Rohin Shah comments on AXRP Episode 8 - Assistance Games with Dylan Hadfield-Menell

Rohin Shah 27 Jun 2021 11:07 UTC
LW: 3 AF: 3
AF
Planned summary for the Alignment Newsletter:
As with most other podcasts, I will primarily link you to my past summaries of the papers discussed in the episode. In this case they were all discussed in the special issue [AN #69](https://mailchi.mp/59ddebcb3b9a/an-69-stuart-russells-new-book-on-why-we-need-to-replace-the-standard-model-of-ai) on Human Compatible and the various papers relevant to it. Some points that I haven’t previously summarized:
1. The interviewee thinks of assistance games as an _analytical tool_ that allows us to study the process by which humans convey normative information (such as goals) to an AI system. Normally, the math we write down takes the objective as given, whereas an assistance game uses math that assumes there is a human with a communication channel to the AI system. We can thus talk mathematically about how the human communicates with the AI system.
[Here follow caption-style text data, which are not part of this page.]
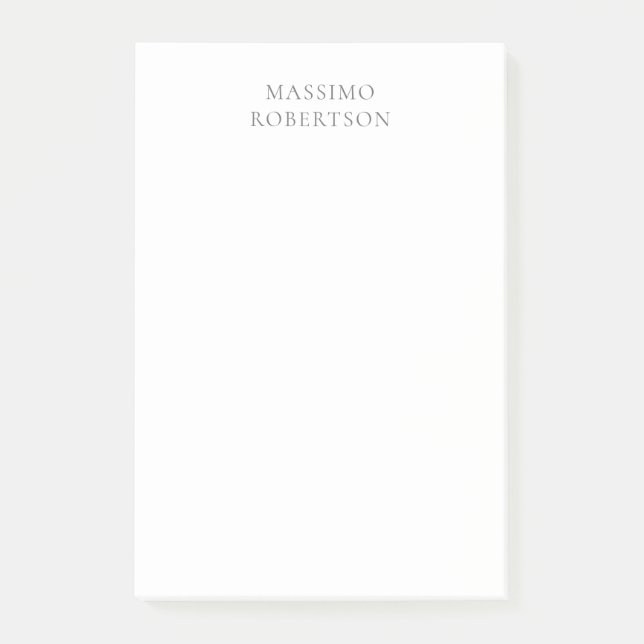 Post-it® Minimaliste Moderne Simple  (Devant)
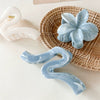 Women's Plastic And Resin Hair Clip Fashion Ol Style Ink Texture Polish Processed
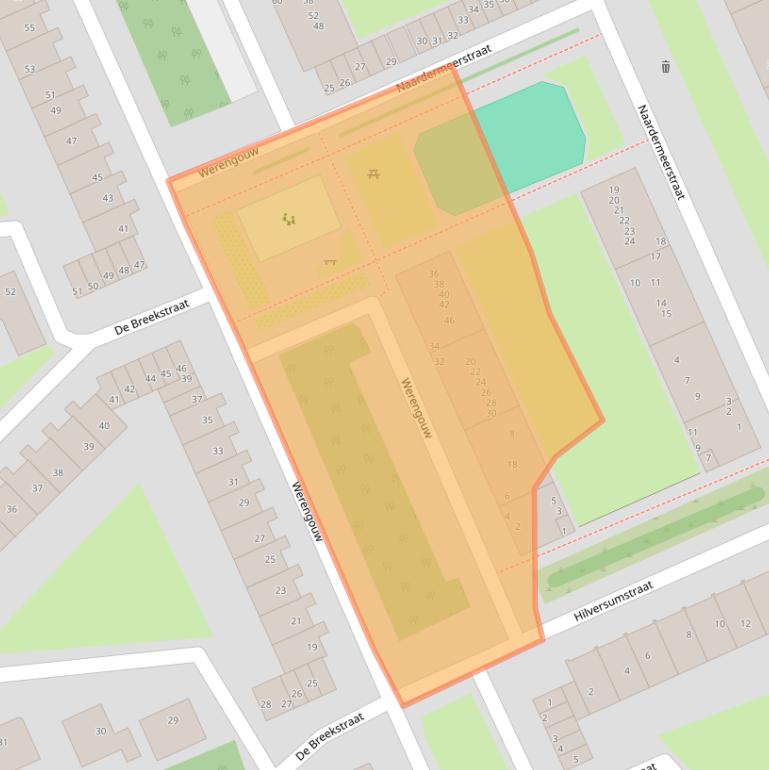 Kaart van postcodegebied 1024PB.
2. This then allows us to talk about issues that might arise. For example, <@assistive bandits@>(@The Assistive Multi-Armed Bandit@) considers the fact that humans might be learning over time (rather than starting out as optimal).
3. By using assistance games, we build an expectation directly into the math that our AI systems will have ongoing oversight and adaptation, which seems significantly better than doing this on an ad hoc basis (as is currently the case). This should help both near-term and long-term systems.
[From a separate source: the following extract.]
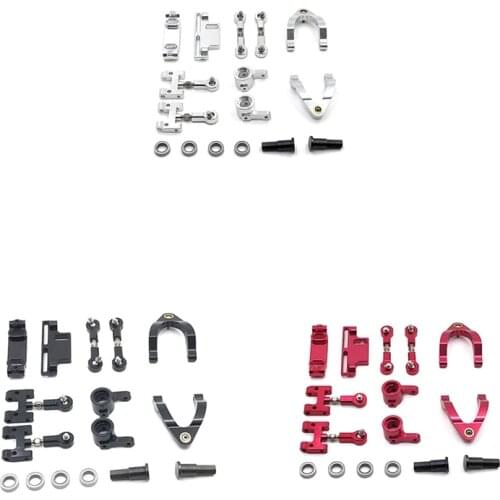 For WPL D12 1/10 RC Truck Car Metal Upper Lower Swing Arm Steering Cup with Axle Shaft Set Upgrade Parts Accessories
4. One core question is how we can specify a communication mechanism that is robust to misspecification. We can operationalize this as: if your AI system is missing some relevant features about the world, how bad could outcomes be? For example, it seems like demonstrating what you want (i.e. imitation learning) is more robust than directly saying what the goal is.
5. One piece of advice for deep learning practitioners is to think about where the normative information for your AI system is coming from, and whether it is sufficient to convey what you want. For example, large language models have trillions of parameters, but only hundreds of decisions into choosing what data to train them on—is that enough? The language we train on has lots of normative content—does that compensate?
6. Dylan says: “if you’re interested in doing this type of work and you thought this conversation was fun and you’d like to have more conversations like it with me, I’ll invite you to [apply to MIT’s EECS PhD program](https://gradapply.mit.edu/eecs/apply/login/?next=/eecs/) next year and mention me in your application.”
Planned opinion:
I’m a big fan of thinking about how normative information is transferred from us to our agents—I frequently ask myself questions like “how does the agent get the information to know X”, where X is something normative like “wireheading is bad”.
In the case of large neural nets, I generally like assistance games as an analysis tool for thinking about how such AI systems should behave at deployment time, for the reasons outlined in the podcast. It’s less clear what the framework has to say about what should be done about training time, when we don’t expect to have a human in the loop (or we expect that to be a relative minority of our training data).
To be clear, this should be taken as an endorsement of thinking about assistance games: my point is just that (according to me) it is best to think of them in relation to deployment, not training. A framework doesn’t have to apply to everything in order to be well worth thinking about.